Whilst this year will bring a host of new-era mantras and a balance of the return to good things of old that have been missed and new things that reshape experiences, my hope is that, high on the list of change will be a break with the sins of marketing self-obsession. And, as part of that, a reset of what will really impact business success, drive audience engagement, and land a spirit of proper innovation that goes beyond a new flavor/variety/colorway.
More pleasure, more joy, more escapism, and more honesty will be on the consumer wishlist from brands who strive to talk to them effectively in the new economy.

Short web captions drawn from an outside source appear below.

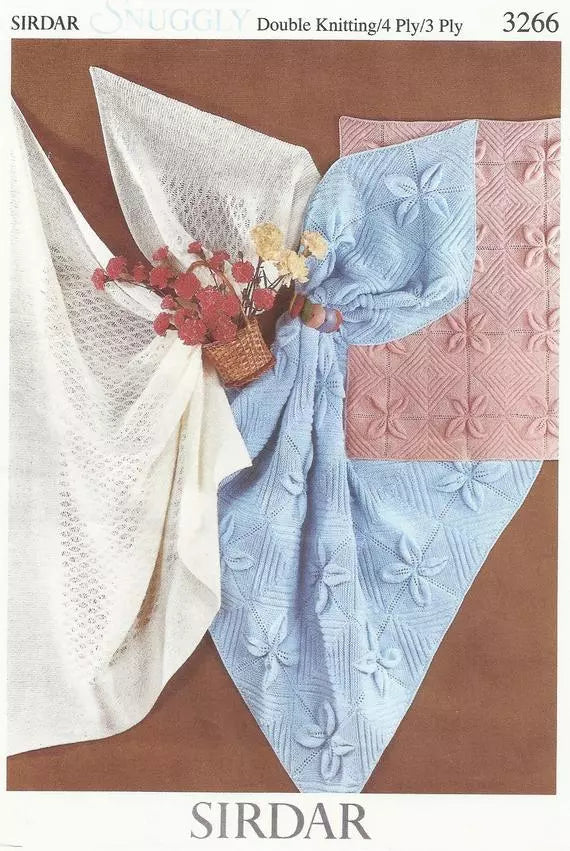 Leaflet 3266 - Sirdar Snuggly pram cover
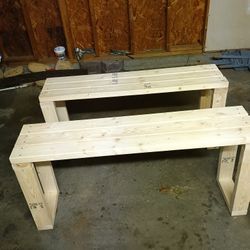 Benches Big Solid Wood 2 For 100 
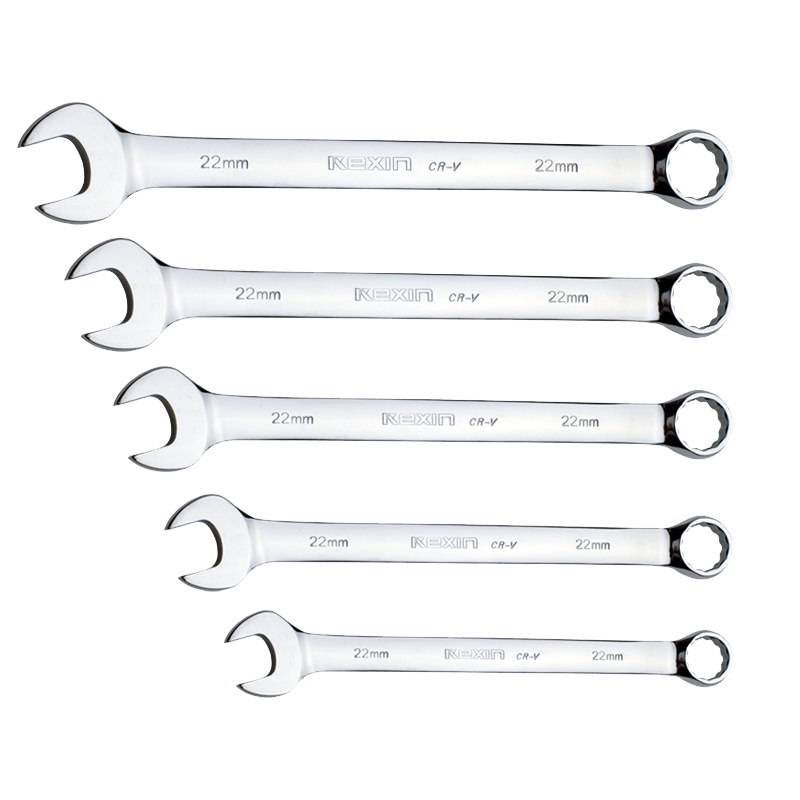 科信(kexin)全抛光铬钒钢两用扳手 开口扳手梅花扳手 21mm KX63021A 2支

Easy to say instead of doing, but the start point I believe is a manifesto for change, simplicity, and challenge for marketing, branding, and innovation that is fuelled by the right kind of focus, led by three overarching principles.
1. Less marketing-led sustainability decisions, and more front-foot-first decision-making
While consumers may not seek out sustainable, ethical, and socially responsible products quite as often as we’d like to think they do, they aren’t stupid when it comes to BS on the subject. And, at a simple touch of a socially linked button, they love creating drama when you overstate your worthiness.

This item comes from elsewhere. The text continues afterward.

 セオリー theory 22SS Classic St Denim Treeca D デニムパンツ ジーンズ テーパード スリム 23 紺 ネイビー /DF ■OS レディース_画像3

In general, when marketing leads the sustainable story, you are in the wrong place and increasingly risk cynicism or worse. And, when it looks like a profit chase, you are most definitely conflicted and playing a questionable game. When packaging uses ‘claims’ that are part way designed to gain shelf space as the priority, it’s potentially a short-term victory that could lead to a longer-term failure if handled with a marketing sledgehammer.
So, to get it right, build it from the right starting point of making a difference for the right reasons.

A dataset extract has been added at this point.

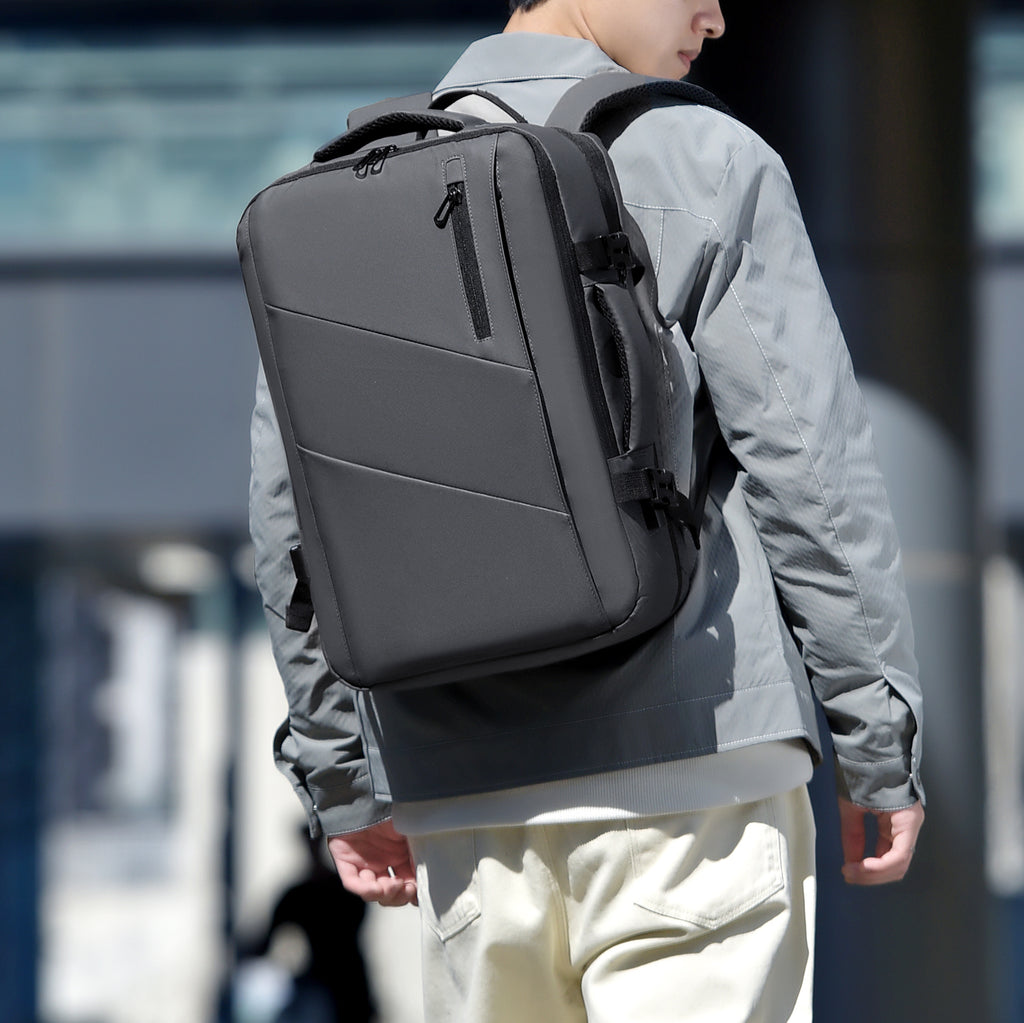 Sac à dos cabine extensible 25 L à 35 L imperméable ordinateur portable de travail sac à dos grande capacité multi-poches sac de voyage de jour pour hommes voyage week-end trajet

Don’t bamboozle with stats that aren’t credible or that shoehorn in a sales message. Invest less money in shouting about it than in exploring better product or packaging alternatives. Use your sustainable packaging to help tell your journey and story instead. Be clever around how you innovate from a sustainable perspective from product idea to earned shelf space. And be discovered and talked about in a more (no irony intended) organic manner. Being proud of your contribution is fine, as long as the sequence behind the journey is genuine.
2. Less “me too” copycatting with products and more design and packaging rule-breaking
Walk down a retail aisle and all too often we see generically designed products that, label aside, are all born from the same idea. It may tick cues of familiarity, but it fails on originality and leadership. Pasta, hard seltzers, shampoos – all a blur when it comes to shopping the aisle.
Have we got so caught up with ‘category codes’ that brands are too scared to step out of their comfort zone?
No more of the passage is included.